Doug:
The billiard table metaphor feels worth pursuing. It's complex enough to represent something like the multifaceted nature of what was happening with us at TCU. So the table was solid, but the game was rigged - that's about right. God lets the rain fall on the rich and poor alike, I forget who said that, but it's truth.
Part of what I do, have been doing for a long time, is a sort of obsessive reassessment of the past, woulda-coulda-shoulda, as a half-assed defense against the depression that started to intrude quite a few years ago. I'd start to despair, feeling like a loser, flailing about looking for positives to hang onto: yeah, their game was fucked so I walked away, fuck them, but at the same time I'm telling myself, No, they're correct, They saw the real me and decided they didn't want me there, I wasn't good enough for them, I failed again. That's how it felt, and gradually that feeling, plus time, pushed completely out of my mind a lot of the detail of that year, details of the way that I, we, acted and reacted in response to the environment and its various stimuli.
(Same thing happened in the wake of the magazine company blow-up, even knowing how much of that was completely out of my hands and truly the responsibility of other people, the worst consequences were the direct result of actions and decisions over which I had little influence and no control - and what a fucked-up helpless feeling that is - blaming myself and beating myself up for getting myself, my family, into that situation, and the very sick feeling that, there I was, rubbing shoulders with heavy-hitters in the computer software and hardware, and magazine industries -- I was doing business with United Features Syndicate, Ally Oop, Ann Landers, Dear Abby, that's the kind of scale we're talking, they were going to pick up and syndicate the comic strips I had developed for Morph's Outpost and Blaster magazines, we were discussing having me write a weekly (to start out, then increase frequency in steps to daily) column about this exciting new world of interactive multimedia computing for newspapers in the US and around the world, the Interactive Superhighway, Cyberspace, I was interviewed on the radio, the big time was just around the corner, I was already developing a line of books to publish, a TV channel, in fact I did design an online version of the magazine for Apple's ill-fated eWorld, the first really cool online environment, in my humble opinion, which crashed and burned far too soon...in other words, major mass media exposure was within my grasp for the last half of 1993 and 1994 until just before Christmas when it all came crashing down, and I watched that big media career evaporate, smoke on the water, to coin a phrase -- a, and they saw me for what I really was, a loser, and as quickly as they had showered my partner and I with millions of dollars because they thought my ideas were smart, they just as quickly pulled the rug out from underneath us.

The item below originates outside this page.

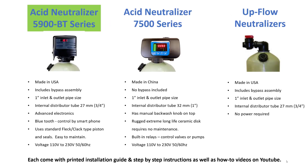The 5900 series is made in the US. It includes a bypass and has a one-inch in and out pipe size. It has a nice Bluetooth control where you can use a free app on your smartphone to monitor and control the system via your phone. It also uses a standard Fleck-type piston and seal kit inside, which does require some maintenance over time — usually after some years it has to be taken apart, cleaned, and the piston and seals changed.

If I could hold more of that in my mind - more of the evidence that I wasn't completely out of control and fucked up, more evidence that I was, to some degree at least, following a conscious program, maybe not hitting my intended objectives, but at least somewhat proactive, not a completely passive puppet of fate - maybe I could feel better about myself. Or something like that. Twisted thinking, I know, but that's where I've been for a long time.
The good news is that I've managed to emerge from the worst of that morass and have been feeling increasingly energetic, positive, able to do things. As a result, I've been doing more things, keeping busier, less time to mope and second-guess myself. Steadily, since the beginning of the year, the depression that has been kicking my ass for too long, has been lifting, and I'm feeling pretty human again. A welcome development.